* MATERIAL SHOWN *
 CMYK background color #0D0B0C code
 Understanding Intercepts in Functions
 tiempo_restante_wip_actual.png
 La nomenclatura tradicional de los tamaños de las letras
* * *
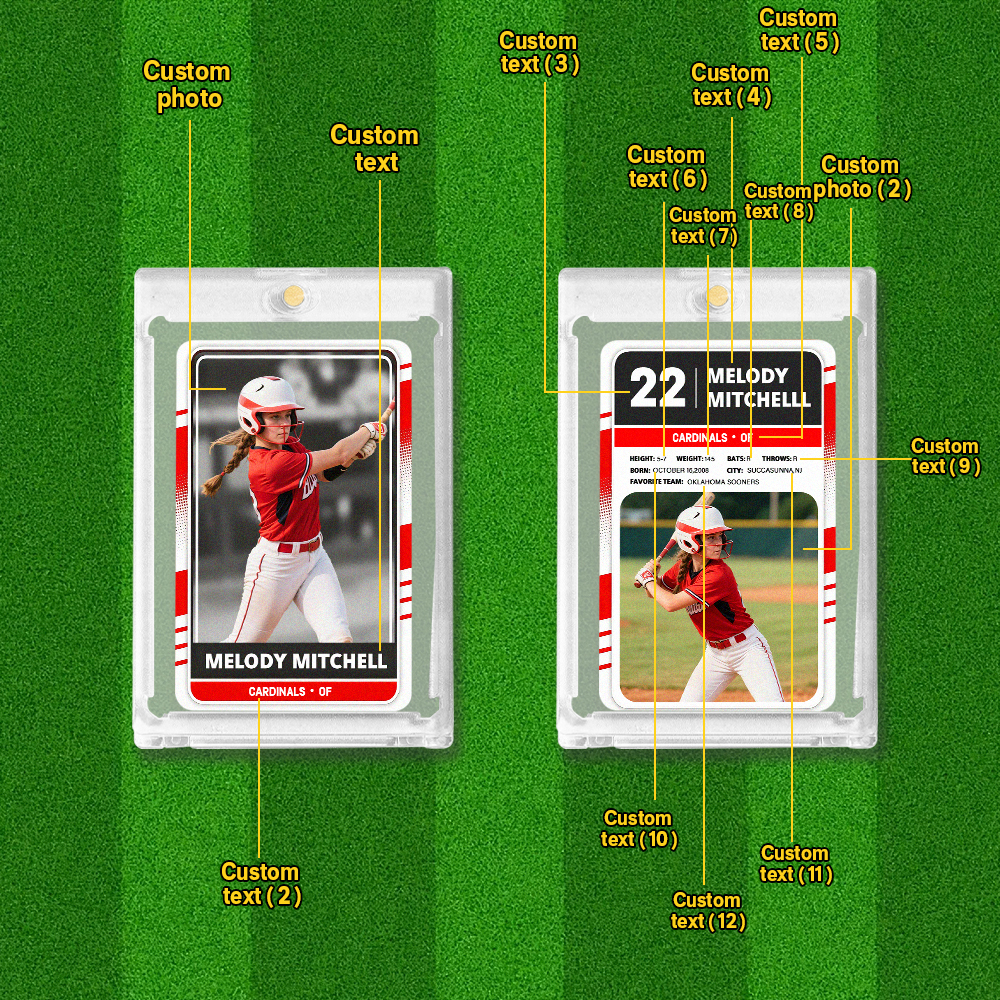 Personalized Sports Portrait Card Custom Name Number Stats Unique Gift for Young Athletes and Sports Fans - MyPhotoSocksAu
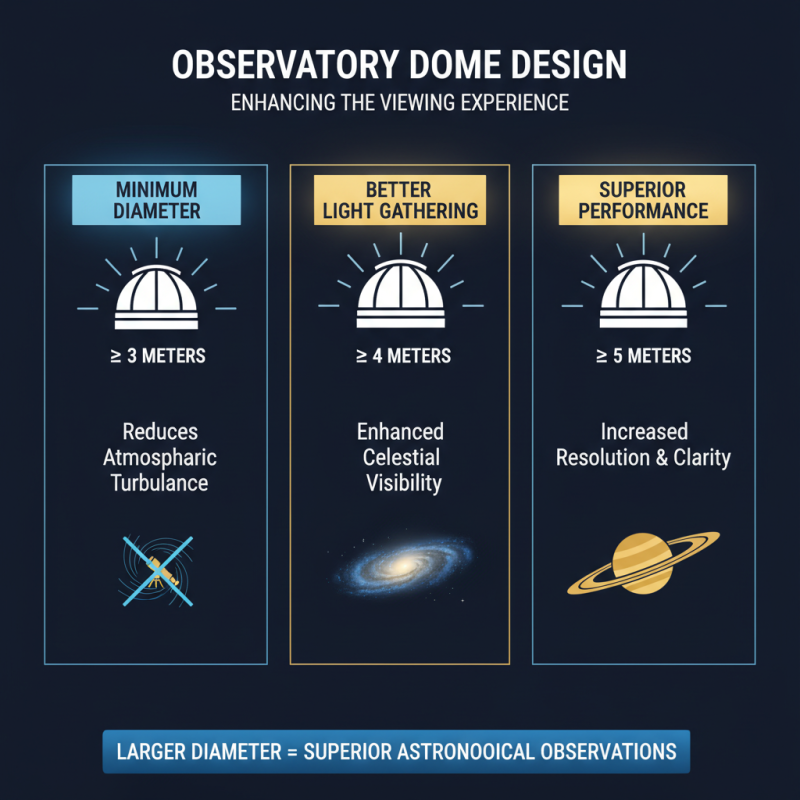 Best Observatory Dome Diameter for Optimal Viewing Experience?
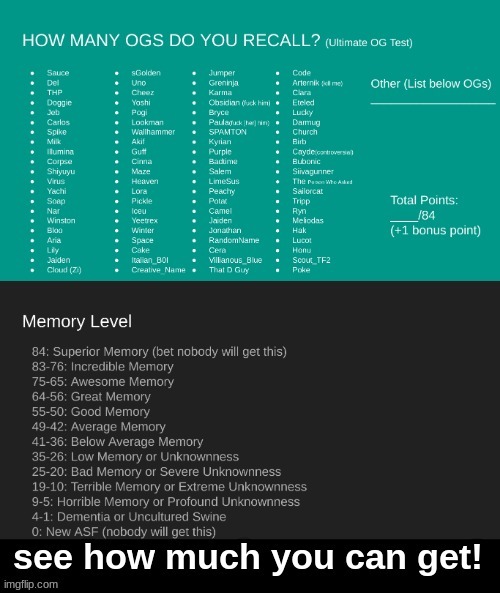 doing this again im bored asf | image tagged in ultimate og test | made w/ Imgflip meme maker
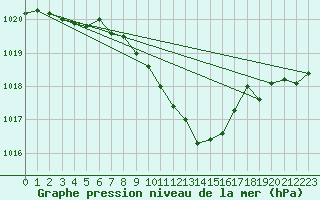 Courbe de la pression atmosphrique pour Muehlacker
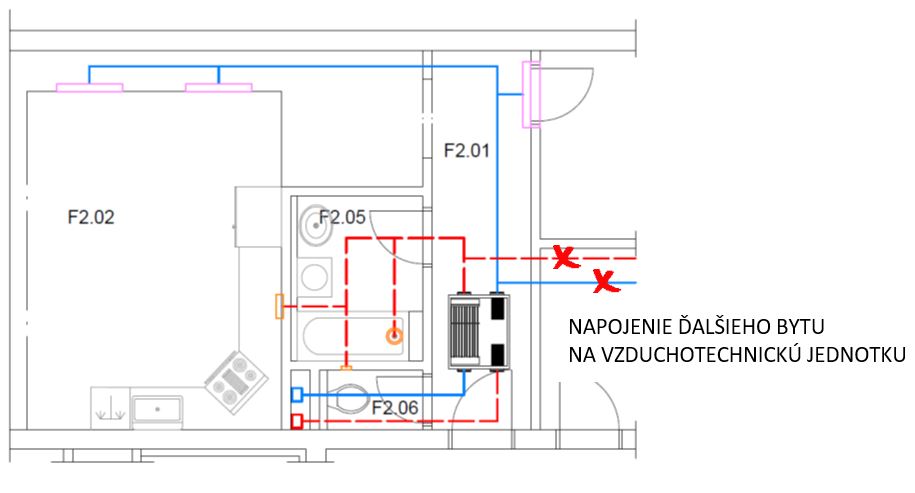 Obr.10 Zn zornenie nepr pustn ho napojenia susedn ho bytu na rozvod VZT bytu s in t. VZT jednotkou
* * *
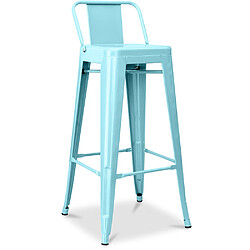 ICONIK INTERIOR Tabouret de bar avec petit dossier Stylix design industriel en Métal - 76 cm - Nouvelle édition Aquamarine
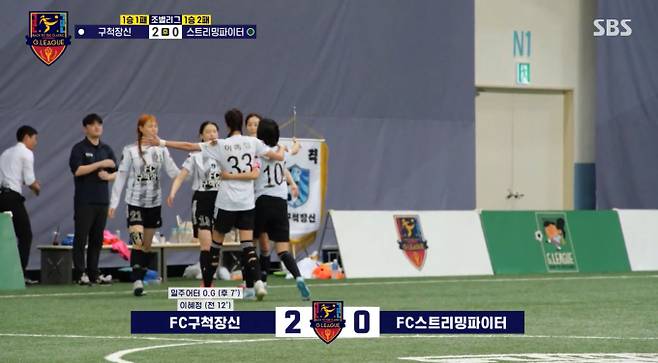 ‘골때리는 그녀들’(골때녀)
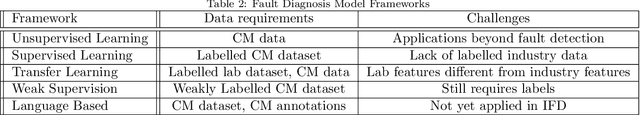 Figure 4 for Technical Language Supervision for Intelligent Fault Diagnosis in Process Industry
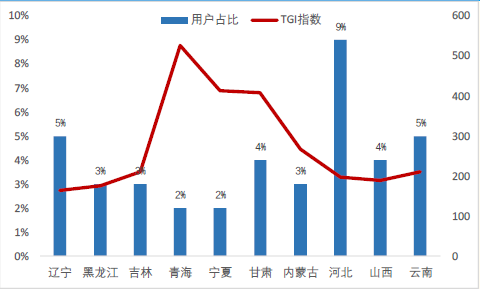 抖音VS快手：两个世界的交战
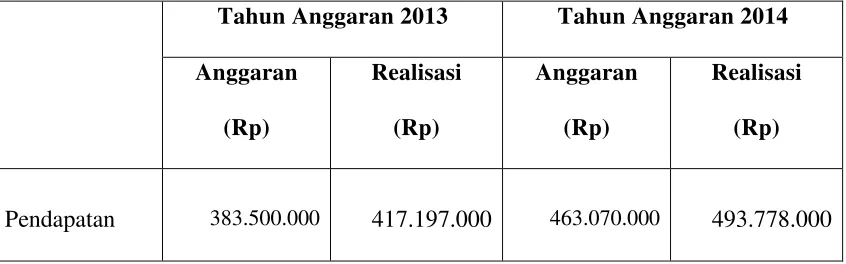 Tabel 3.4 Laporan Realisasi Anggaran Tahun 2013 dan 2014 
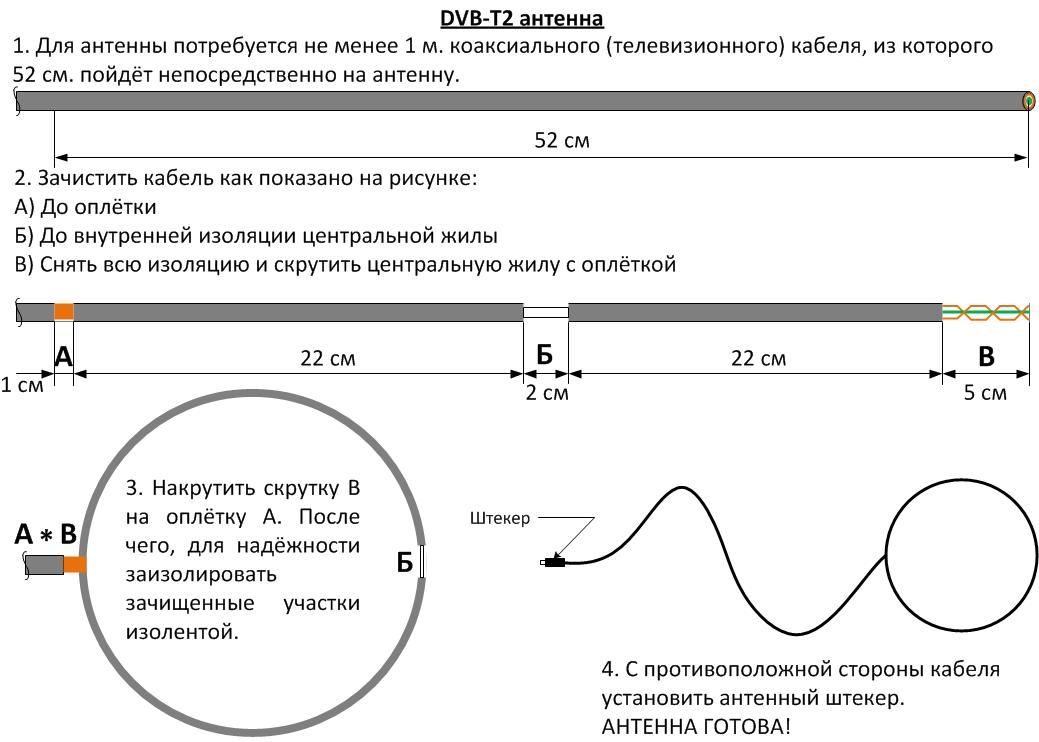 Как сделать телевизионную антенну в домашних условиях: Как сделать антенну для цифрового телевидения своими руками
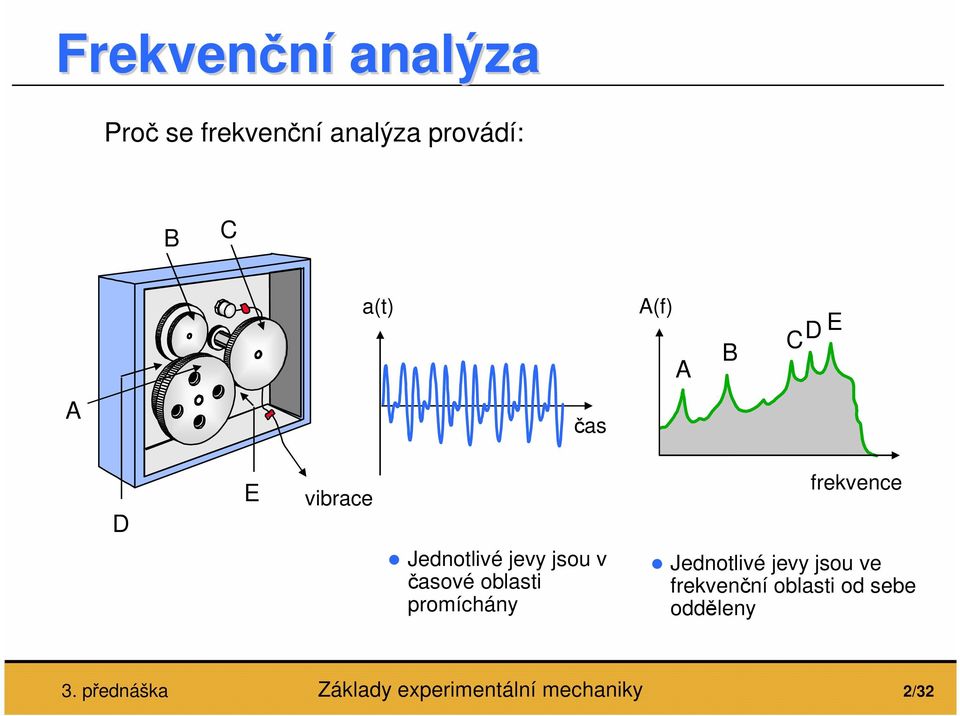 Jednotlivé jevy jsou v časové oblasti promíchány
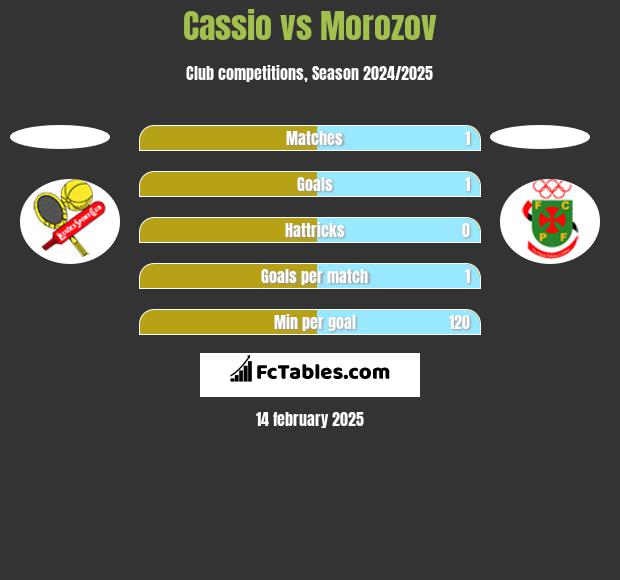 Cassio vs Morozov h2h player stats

* WHAT TO WORK ON *
The result should be an exact copy of only the lines above from the one that holds "Figure 4 for" through the one that holds "Tabel 3.4 Laporan", both ends included, without pictures.

* SOLUTION *
 Figure 4 for Technical Language Supervision for Intelligent Fault Diagnosis in Process Industry
 抖音VS快手：两个世界的交战
 Tabel 3.4 Laporan Realisasi Anggaran Tahun 2013 dan 2014 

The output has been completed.